** Data under study follows **

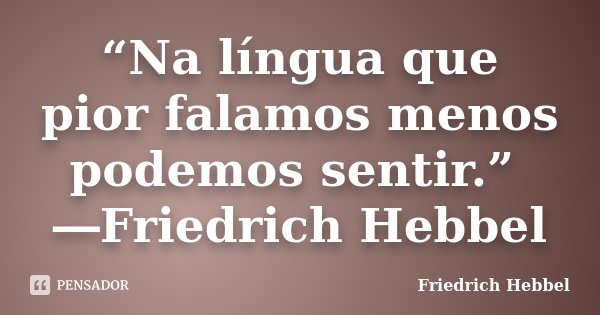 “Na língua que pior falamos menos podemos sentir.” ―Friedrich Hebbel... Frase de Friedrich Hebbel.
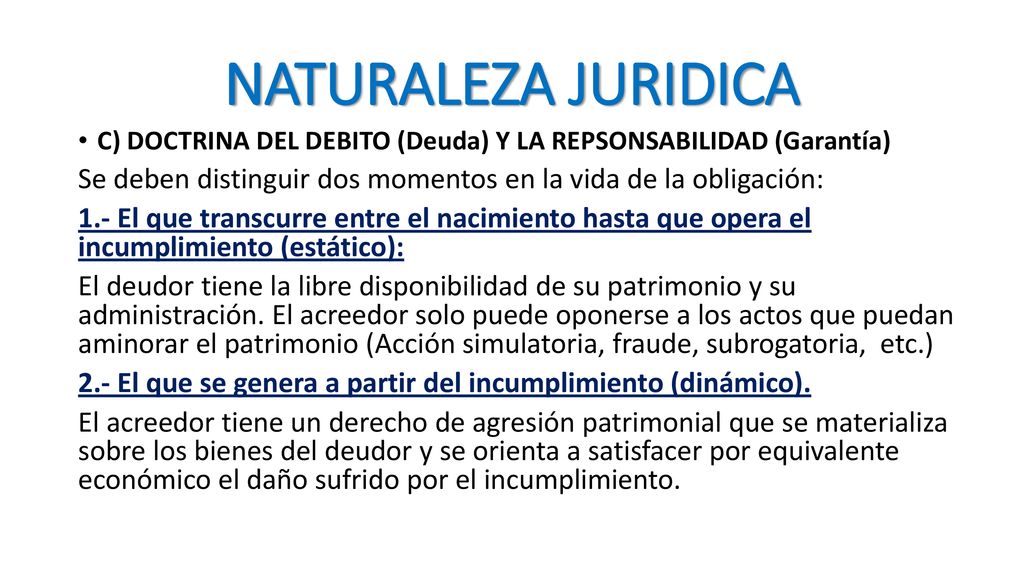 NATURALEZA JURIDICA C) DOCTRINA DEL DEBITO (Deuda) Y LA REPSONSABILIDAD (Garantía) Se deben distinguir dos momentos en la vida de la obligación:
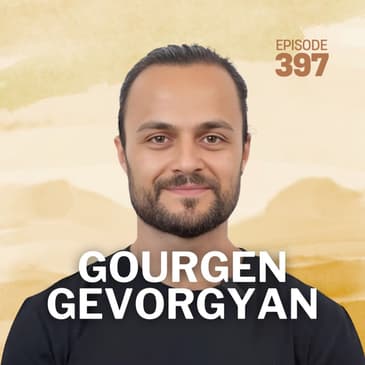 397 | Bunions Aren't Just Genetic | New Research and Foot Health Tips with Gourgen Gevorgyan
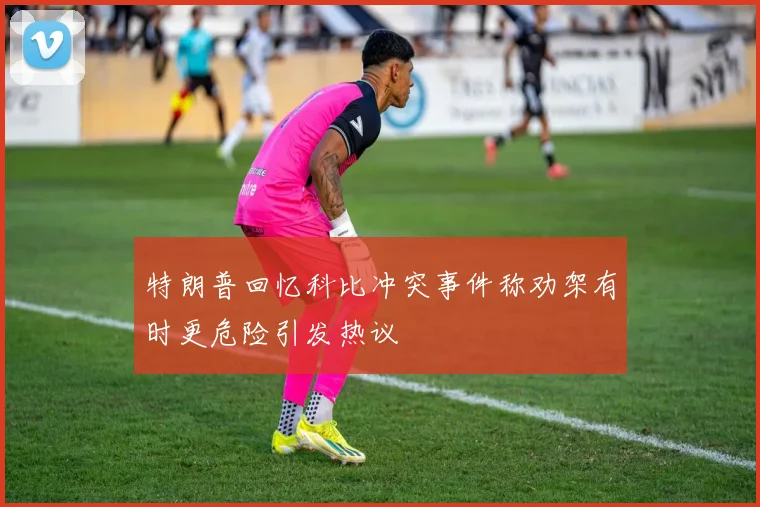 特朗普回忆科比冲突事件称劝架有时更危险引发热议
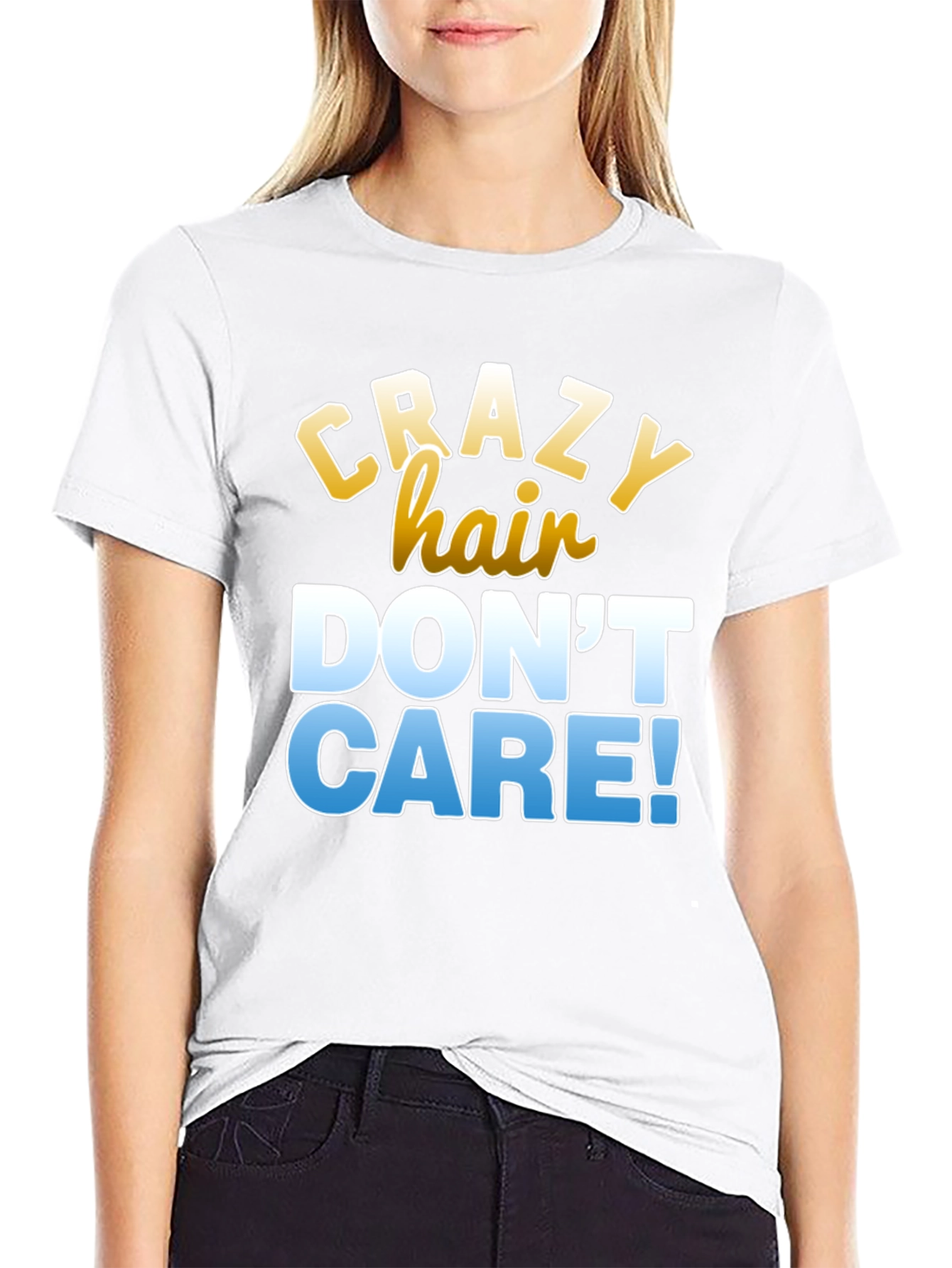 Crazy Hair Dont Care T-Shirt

** End of Data under study **
** Data under study follows **

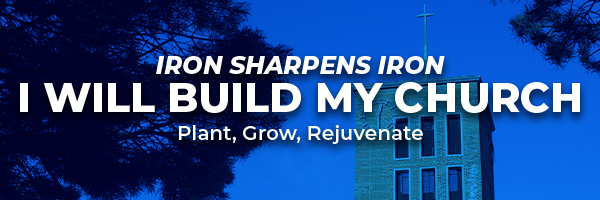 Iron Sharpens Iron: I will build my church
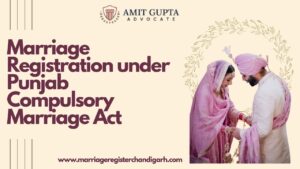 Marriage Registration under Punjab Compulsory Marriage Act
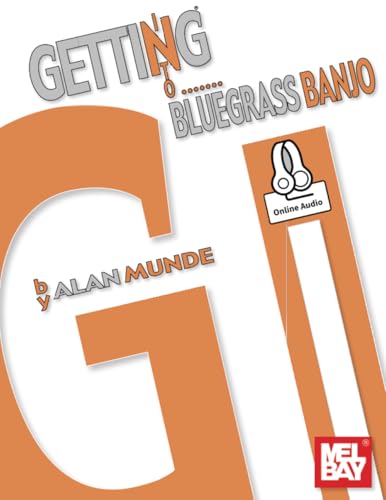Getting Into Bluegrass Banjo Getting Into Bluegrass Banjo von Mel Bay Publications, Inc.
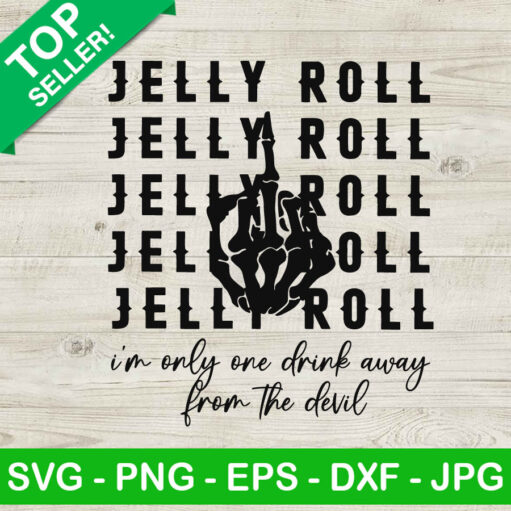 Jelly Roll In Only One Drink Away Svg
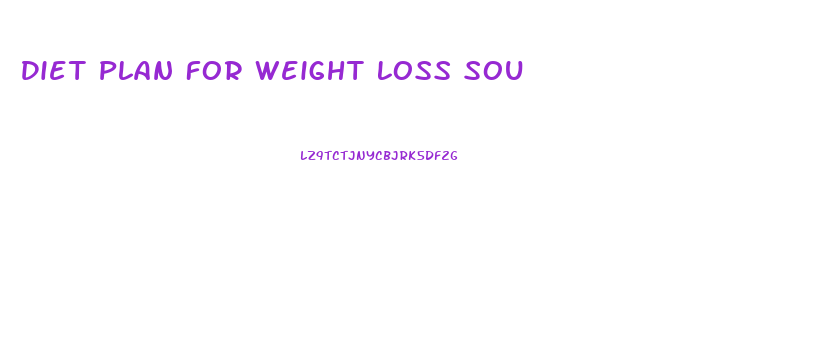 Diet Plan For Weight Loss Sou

** End of Data under study **

== Exercise ==
Of the records above, print only the lines from the one containing "de Friedrich Hebbel." through the one containing "Crazy Hair Dont Care T-Shirt", inclusive and unaltered, leaving out pictures.

== Exercise output ==
 “Na língua que pior falamos menos podemos sentir.” ―Friedrich Hebbel... Frase de Friedrich Hebbel.
 NATURALEZA JURIDICA C) DOCTRINA DEL DEBITO (Deuda) Y LA REPSONSABILIDAD (Garantía) Se deben distinguir dos momentos en la vida de la obligación:
 397 | Bunions Aren't Just Genetic | New Research and Foot Health Tips with Gourgen Gevorgyan
 特朗普回忆科比冲突事件称劝架有时更危险引发热议
 Crazy Hair Dont Care T-Shirt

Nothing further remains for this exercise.